There are also stipulations on the type of property you can purchase with an FHA loan.
- Must do an FHA assessment and home inspection
- The home loan should only be used for the main residence
- No houses were bought in the last 90 days and then resold (no turnaround!)
To see how much your monthly mortgage payment could be, use an online purchase calculator to see the difference in interest rates, advances and mortgage terms. You can also use Credible’s free online tools to see what rates you should qualify for.
HOW WOULD YOU BENEFIT FROM ADJUSTABLE RATE MORTGAGE
Other mortgage options
If an FHA loan does not meet your needs, there are other mortgage options available.
- Conventional loans: Conventional loans are the most common type of mortgage loan; they are loans not guaranteed by the government, but by a traditional lender.
- Interest-only loans: As it seems, in the case of interest-only mortgages, borrowers pay only the interest on the loan for a certain period and make no contribution to the balance of the principal loan.
- Loans at adjustable rates: Adjustable rate mortgages have rates that fluctuate with the markets and adjust periodically over time.
- Jumbo Loans: This is a loan above the “compliant loan” limit ($ 548,250 in 2021).
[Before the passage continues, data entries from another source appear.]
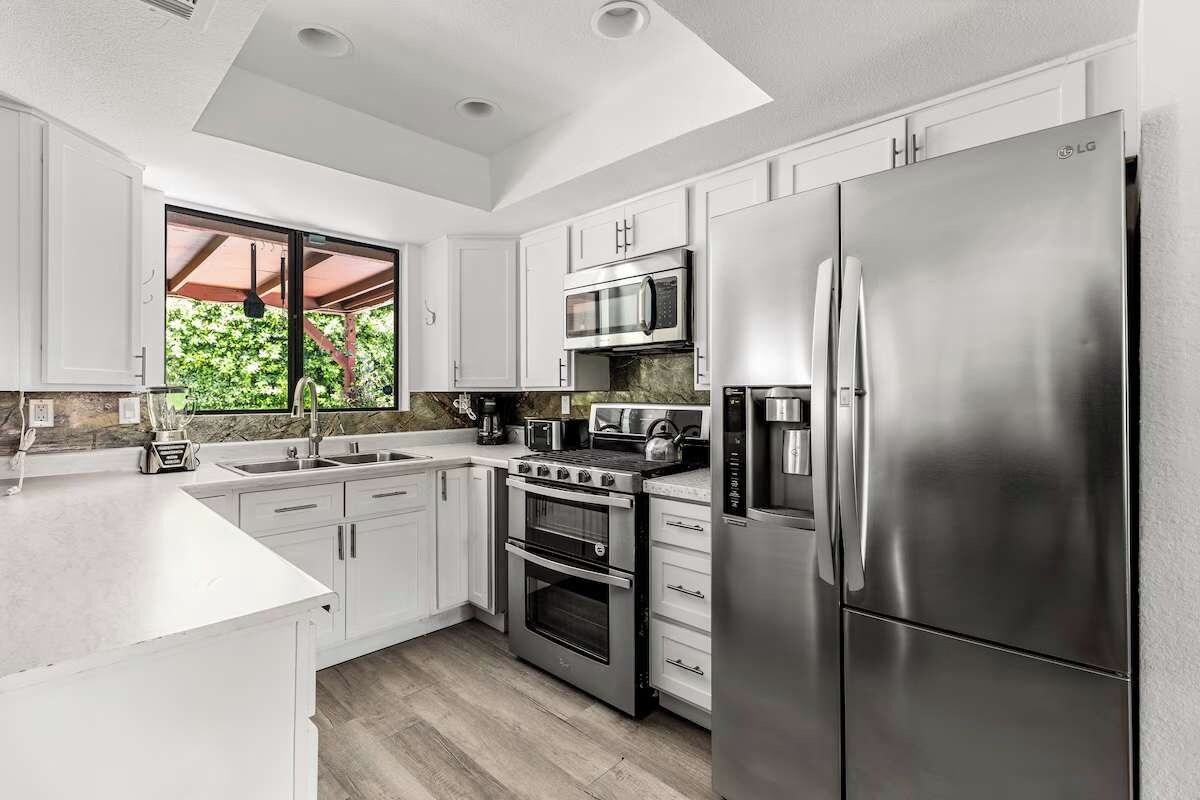 Bright kitchen with white shaker cabinets, quartz counters, double oven, and garden window — fully equipped for a group breakfast after a late pool night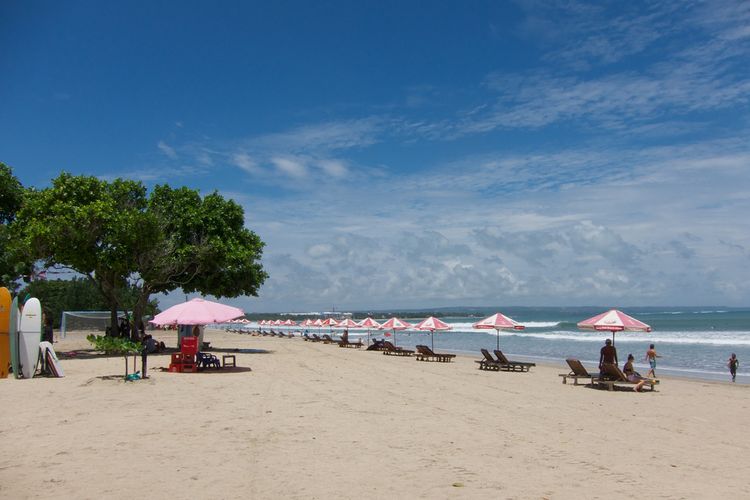 Ilustrasi pengunjung menikmati suasana pantai di Pantai Berawa, Badung, Bali.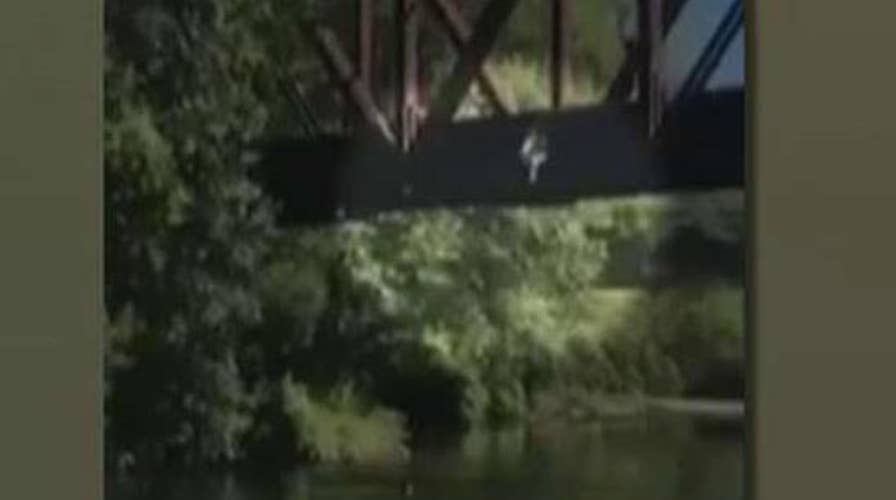 Four-year-old boy tossed off bridge into river
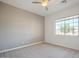 This bedroom features a neutral color palette, ceiling fan, and a large window providing ample natural light at 19861 S 191St St, Queen Creek, AZ 85142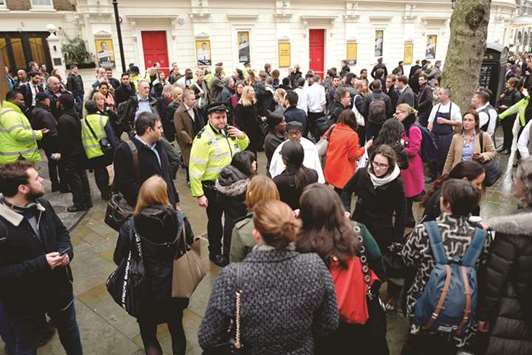 Workers are evacuated from offices on a street adjoining The Strand in central London yesterday after a gas leak closed The Strand and Charing Cross railway station.
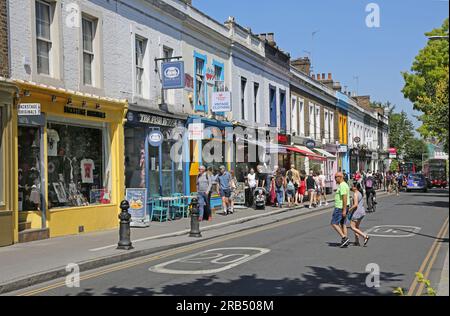 Londra, Regno Unito: Negozi e caffè in Pembridge Road, Notting Hill Gate, una delle zone più ricche di Londra. Sono impegnato con la gente in una calda giornata estiva. Foto Stock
This often requires a score of 700 credits or more.
- VA Loans: Another type of loan guaranteed by the government these are offered only to veterans of the armed forces.
Analysts predict that the housing and refinancing boom will continue until 2021. Now, with higher loan limits, buying a home is more accessible to buyers ready to start their real estate adventure. Before purchasing, first check mortgage rates and receive pre-approval from an online mortgage broker like Credible.